A collection of rare photographs of samurai presented by Daniella Dangoor is being exhibited at The London Photograph Fair. Most photographs purporting to be of samurai are actually not and were taken after 1877, when the samurai system was abolished. These images are of genuine samurai, taken between 1860 and 1877. The photographs in the collection offer a rare glimpse into a vanishing world
Portrait of a masterless samurai, Yokohama, c1867
Albumen print from wet collodion negative. This portrait taken during the early 1870s by the Yokohama photographer Shimooka Renjo, himself born into a family of low-ranking samurai, illustrates the fate of many samurai as the new government stripped them of their status and privileges.
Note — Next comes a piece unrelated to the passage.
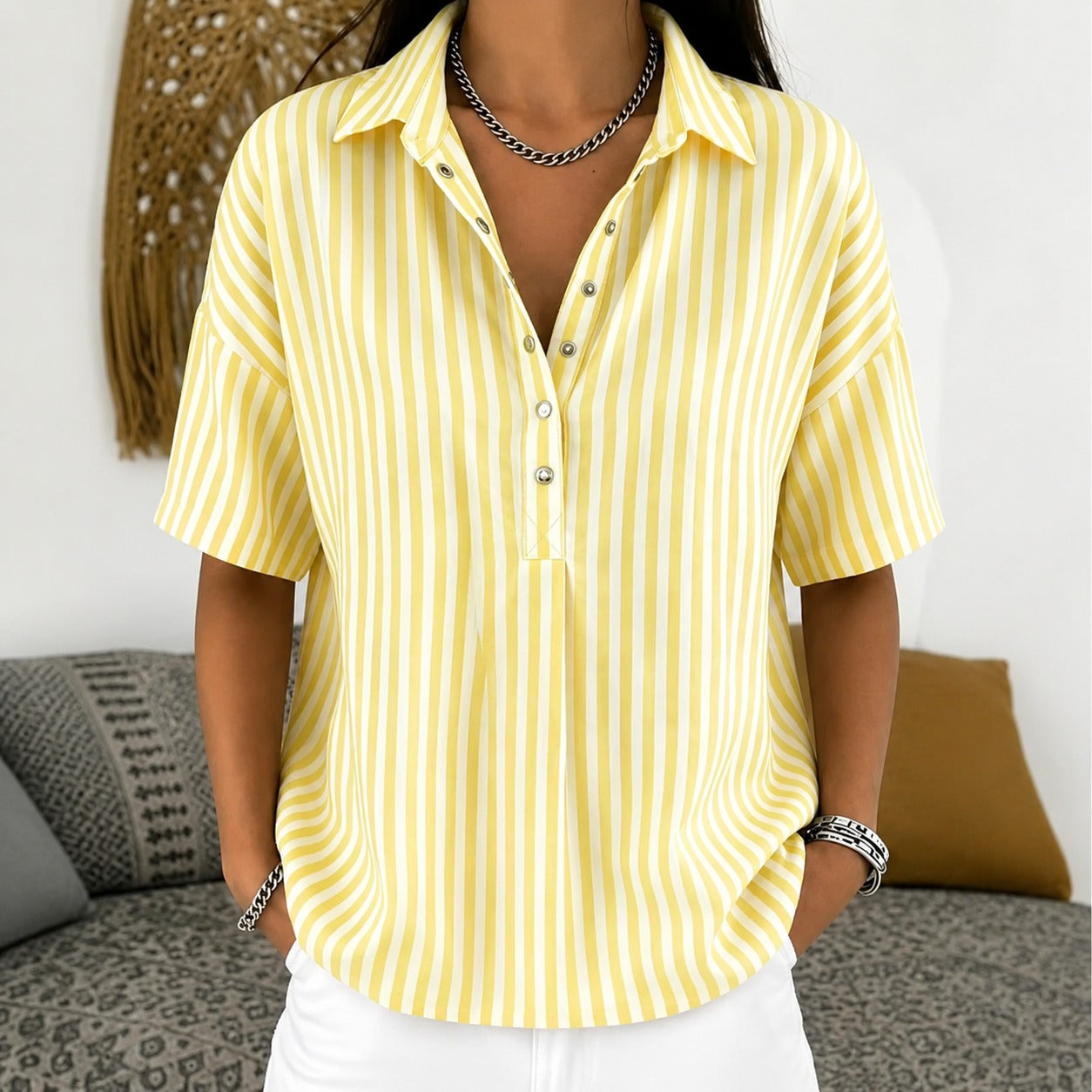 Shirt Ainsley™ with Vertical Stripes, Classic Collar and Front Buttons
Some adopted professions they had been taught to despise, others fell between the cracks and eked out a vagabond existence on the edge of society, offering their swords for hire
Photograph: Shimooka Renjō
Portrait of Tokugawa Akitake, Paris, 1867
Albumen print from wet collodion negative. Half-brother of the last Shogun and lord of the Mito domain, Tokugawa Akitake was dispatched to France in 1867 as a special emissary, accompanying the Japanese delegation to the Universal Exposition in Paris. He returned to Japan when the Shogun was deposed in 1868
Photograph: André-Adolphe-Eugène Disdéri
Kubota Sentarô in armour wielding a sword, Yokohama, circa 1864
Albumen print from wet collodion negative. The commander of the Kanagawa garrison.